Records provided:
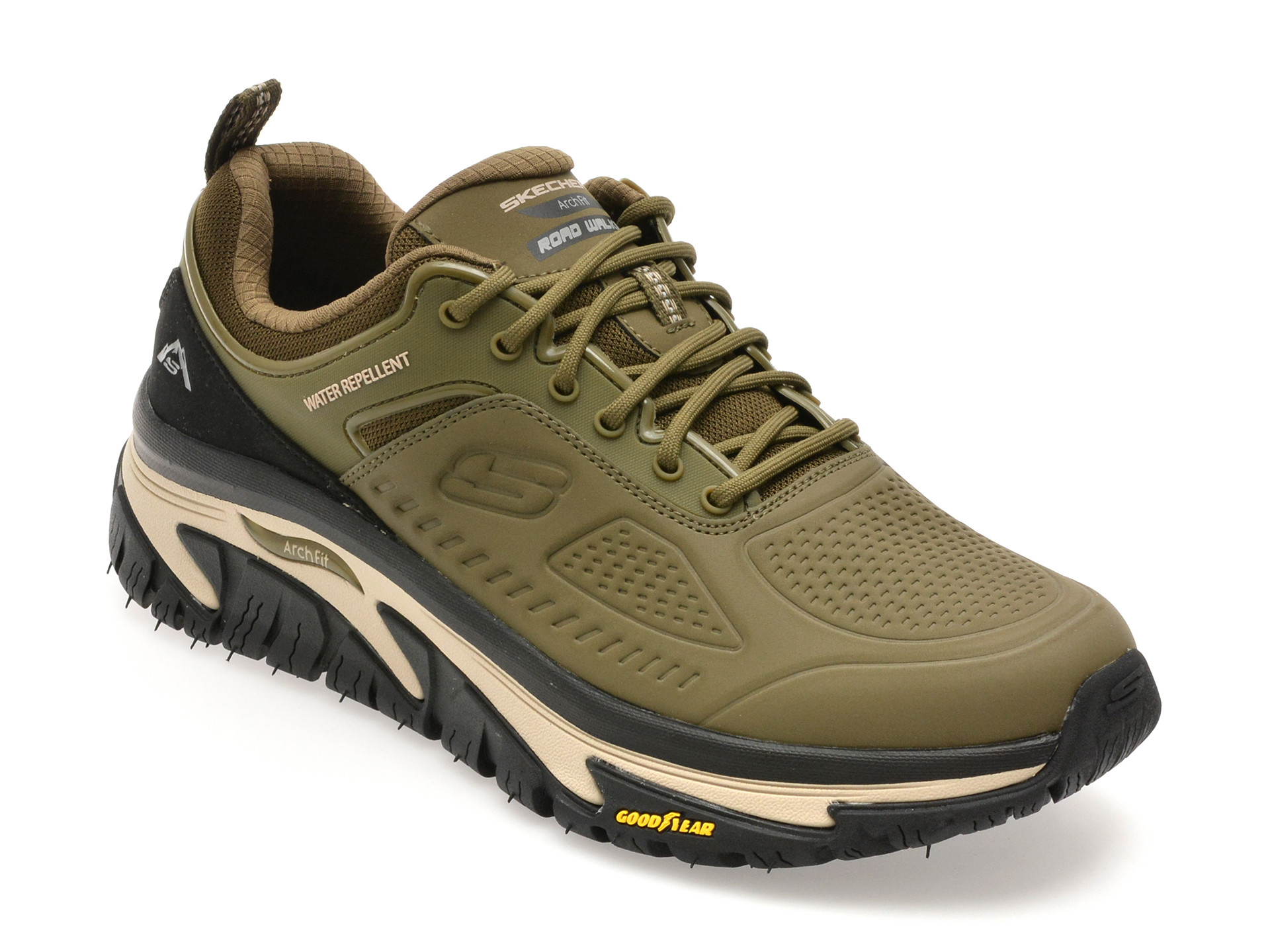 Pantofi sport SKECHERS kaki, ARCH FIT ROAD WALKER, din piele naturala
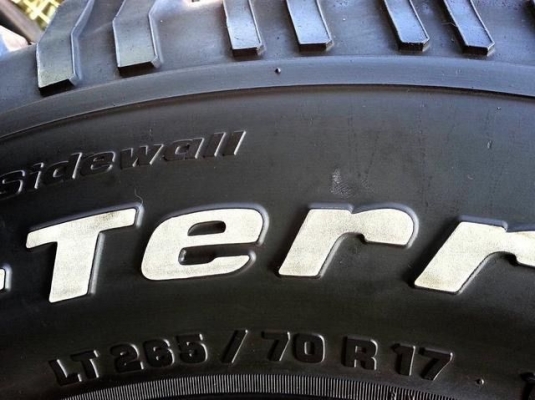 ขายยาง  BF  265 x 70 x 17  พร้อมล้อใหม่  TE 37V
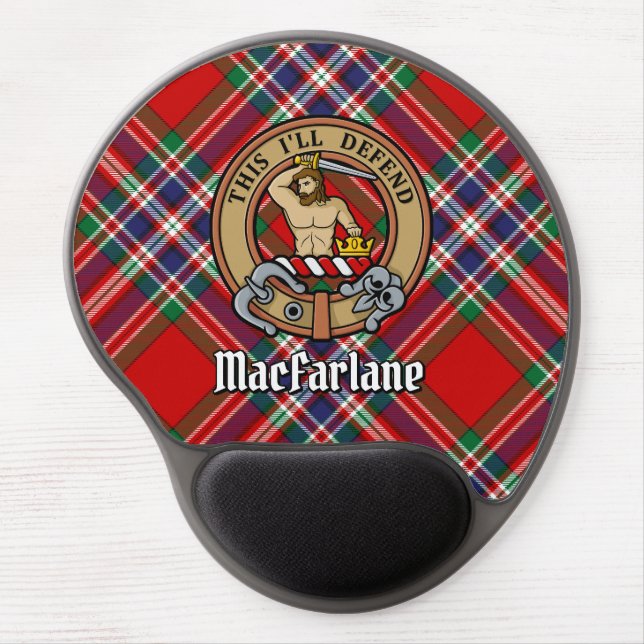 Clan MacFarlane Crest over Red Tartan Gel Mouse Pad (Front)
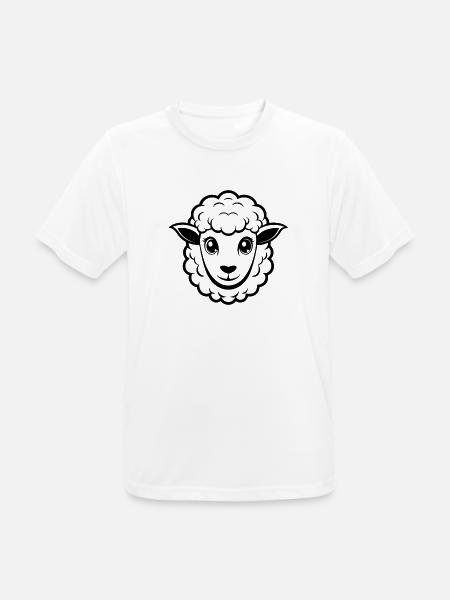 Cute sheep face - Men's Breathable T-Shirt - white
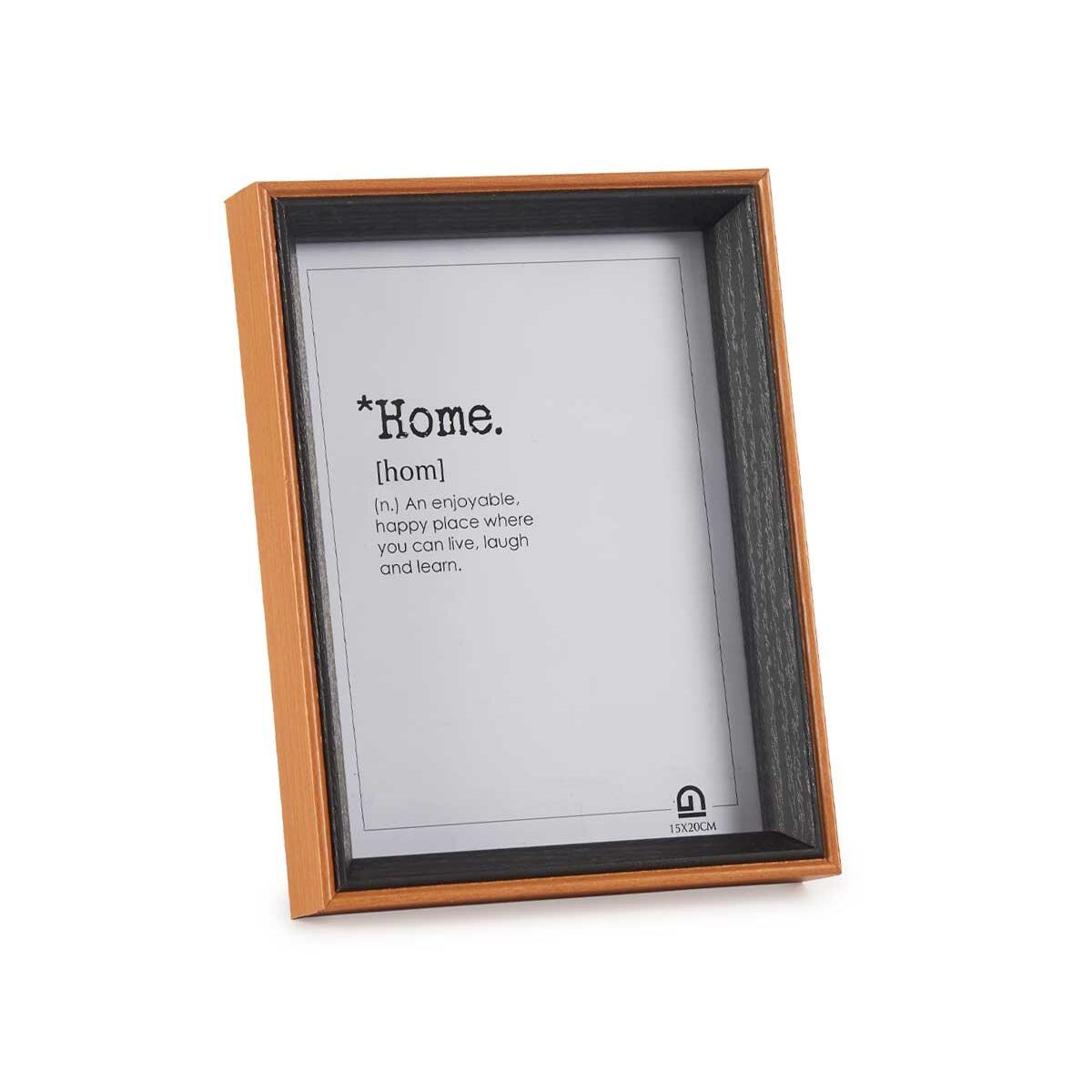 Cornice Portafoto Cristallo Nero Marrone Legno MDF (17 x 22 x 3 cm) (6 Unità)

Aim of the exercise: Leave out all pictures and retype precisely the lines that run from the line containing "Cute sheep face" to the last line of the records.

Answer box:
 Cute sheep face - Men's Breathable T-Shirt - white
 Cornice Portafoto Cristallo Nero Marrone Legno MDF (17 x 22 x 3 cm) (6 Unità)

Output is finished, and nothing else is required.